# RedNek Wine Glass makes $5 million in sales



## ibglowin (Dec 20, 2011)

Why didn't someone here think about this idea! 







*NEW YORK (CNNMoney) -- America's love affair with the irreverent, tacky and politically incorrect is making millions for at least one business.
Carson Home Accents, a 41-year-old, family-owned company based in Freeport, Pa., struck gold recently when it started manufacturing and selling RedNek Wine Glasses.
The company, a wholesaler of gift and home decor items, started making the wine glass -- simply a Ball Mason jar glued on top of a Libbey candlestick holder -- 10 months ago, and in less than a year, the product has had $5 million in sales.
"The RedNek Wine Glass has quickly become a phenomenon," said John Hill, vice president of Carson Home Accents.
In the beginning... It was only by chance that the idea of the product came to the attention of the company in January.
"One of our salespeople saw this item on a shelf at a Hallmark store," said Hill, adding that Carson Home Accents subsequently met the original inventor of the product and signed a licensing deal with her that allowed the company to manufacture and sell RedNek Wine Glasses.
Okie Morris, 43, who invented the Original RedNek Wine Glass, calls herself a "repurposer." "I use old things and give them a new twist," she said.*


----------



## fleemartin (Dec 20, 2011)

Man, I wish I would have thought of that!!!!

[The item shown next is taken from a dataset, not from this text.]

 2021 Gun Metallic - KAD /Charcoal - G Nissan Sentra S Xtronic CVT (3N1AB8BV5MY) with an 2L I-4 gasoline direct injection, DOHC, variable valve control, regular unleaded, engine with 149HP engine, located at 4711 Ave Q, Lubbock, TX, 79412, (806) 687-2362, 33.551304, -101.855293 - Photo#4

I'm not surprised though, It is the perfect vessel for skeeter pee.


----------



## Wade E (Dec 20, 2011)

Well that kind of ruins the redneckness! LOL


----------



## winebreath (Dec 20, 2011)

Hey guys, the wife and I just got back from town and we stopped at Hobby Lobby and got some more mason jars and the candle bases and the glass glue to make some more of these. You can make them really cheap around 2-3 dollars each. We give them for gifts and use them at our home bar.
everyone seems to like them.
Later........wb-out


----------



## ffemt128 (Dec 20, 2011)

Why couldnt I have thought of something like that.... Go figure...... They actually make glass glue? Might have to pick some of that up at hobby lobby and make a set for my wife for Christmas as a gag gift....


----------



## winebreath (Dec 20, 2011)

the glass glue(super glue) comes in a little red tube with a plunger.
Darndest stuff.....you have to glue them up then take them out in the sunlight for the glue to set up...something about ultra-violet light activates it.

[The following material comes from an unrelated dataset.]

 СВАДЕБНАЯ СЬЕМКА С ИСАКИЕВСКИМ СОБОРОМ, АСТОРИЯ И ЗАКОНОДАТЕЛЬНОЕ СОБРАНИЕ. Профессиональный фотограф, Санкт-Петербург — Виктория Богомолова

the first ones that I done I just left sit on my bar figuring that they would set up over night, but when I came down the next day I picked one up to check it and it was still wet and fell apart..........so I read the instructions.......held it together and walked outside and it set up almost instantly.

later......wb....out


----------



## wvbrewer (Dec 20, 2011)

Cool.. I can see them being used all the time over here in WV.


----------



## shen (Dec 20, 2011)

My daughter gave me the quart size one for my birthday last week. I giggled.


----------



## joea132 (Dec 20, 2011)

It is funny. I bought one for my father for Christmas.


----------



## CoachPieps (Dec 22, 2011)

Dollar Tree has the parts and instructions:

http://www.dollartree.com/kitchen-t...-Idea-DIY-Wine-Glass/213c264c377e90/index.ens


----------



## Flem (Dec 22, 2011)

winebreath said:


> the glass glue(super glue) comes in a little red tube with a plunger.
> Darndest stuff.....you have to glue them up then take them out in the sunlight for the glue to set up...something about ultra-violet light activates it.
> 
> the first ones that I done I just left sit on my bar figuring that they would set up over night, but when I came down the next day I picked one up to check it and it was still wet and fell apart..........so I read the instructions.......held it together and walked outside and it set up almost instantly.
> ...



I guess it wouldn't work in Western Pa. The sun never shines here--or so it seems. LOL


----------



## roblloyd (Dec 22, 2011)

A neighbor just gave us 2 of them yesterday!


----------



## arcticsid (Dec 24, 2011)

Been drinking wine out of mason jars for a long time.

Where the hell is MY cut.

The stem does scare me though! LOL


----------



## Sirs (Jan 2, 2012)

arcticsid said:


> Been drinking wine out of mason jars for a long time.
> 
> Where the hell is MY cut.
> 
> The stem does scare me though! LOL



LOL I hear ya Sid been doing it here for years also well wine and other stuff


----------



## rhoffart (Jan 2, 2012)

Hey, I got one for Christmas ... it's a liitle goofy looking but I guess that is the point. Now I have a story to go along with it.


----------